Closed
Description
Used this model: https://huggingface.co/meta-llama/Llama-2-70b
Used these commands:
$ convert-pth-to-ggml.py models/LLaMa2-70B-meta 1
$ ./quantize ./models/LLaMa2-70B-meta/ggml-model-f16.bin ./models/LLaMa2-70B-meta/ggml-model-q4_0.bin 2
7B and 11B models work without any problems.

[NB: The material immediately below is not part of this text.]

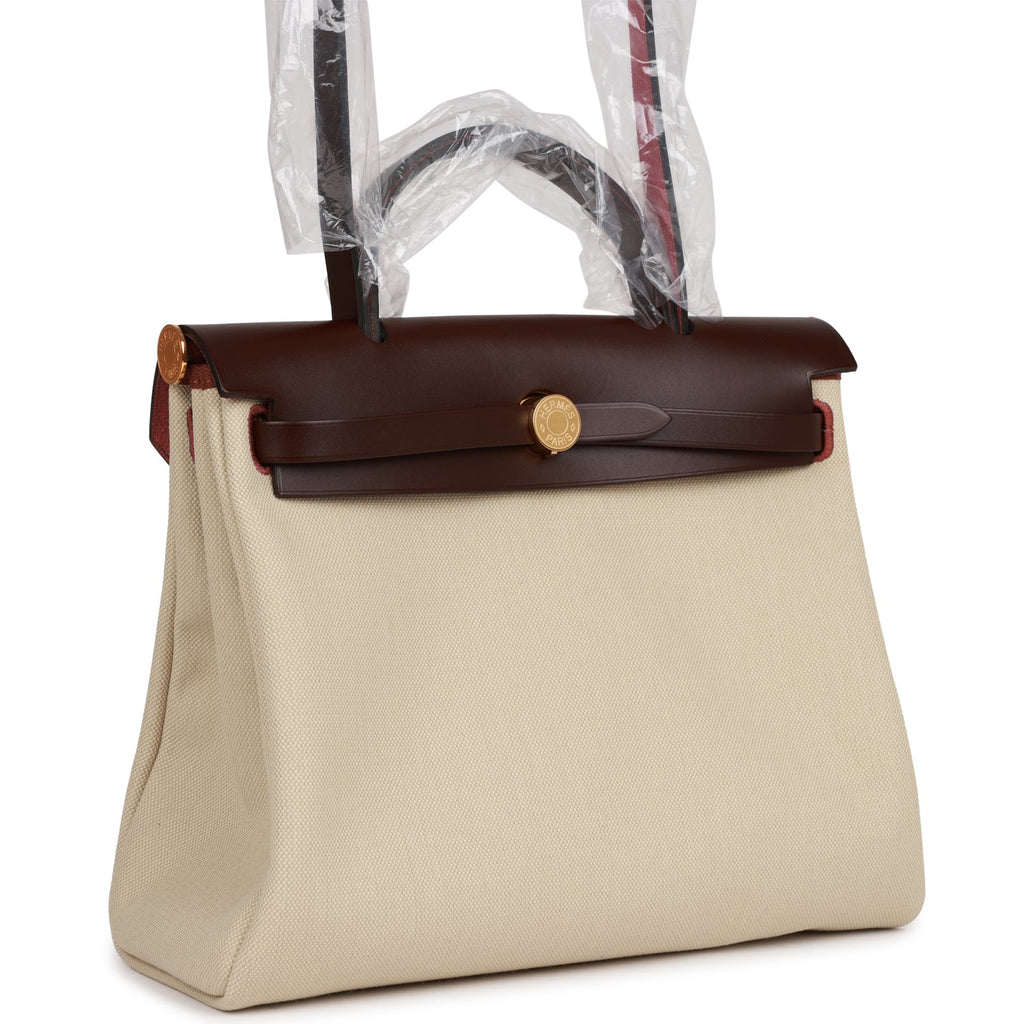 Hermes Herbag Zip PM 31 Beton Toile H Berline Rouge Sellier Hunter Gold Hardware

This is only when using the 70B model.
error loading model: llama.cpp: tensor 'layers.0.attention.wk.weight' has wrong shape; expected 8192 x 8192, got 8192 x 1024
llama.cpp: loading model from /Users/xyz/Desktop/llama.cpp/models/LLaMa2-70B-meta/ggml-model-q4_0.bin
llama_model_load_internal: format = ggjt v3 (latest)
llama_model_load_internal: n_vocab = 32000
llama_model_load_internal: n_ctx = 512
llama_model_load_internal: n_embd = 8192
llama_model_load_internal: n_mult = 256
llama_model_load_internal: n_head = 64
llama_model_load_internal: n_layer = 80
llama_model_load_internal: n_rot = 128
llama_model_load_internal: freq_base = 10000.0
llama_model_load_internal: freq_scale = 1
llama_model_load_internal: ftype = 2 (mostly Q4_0)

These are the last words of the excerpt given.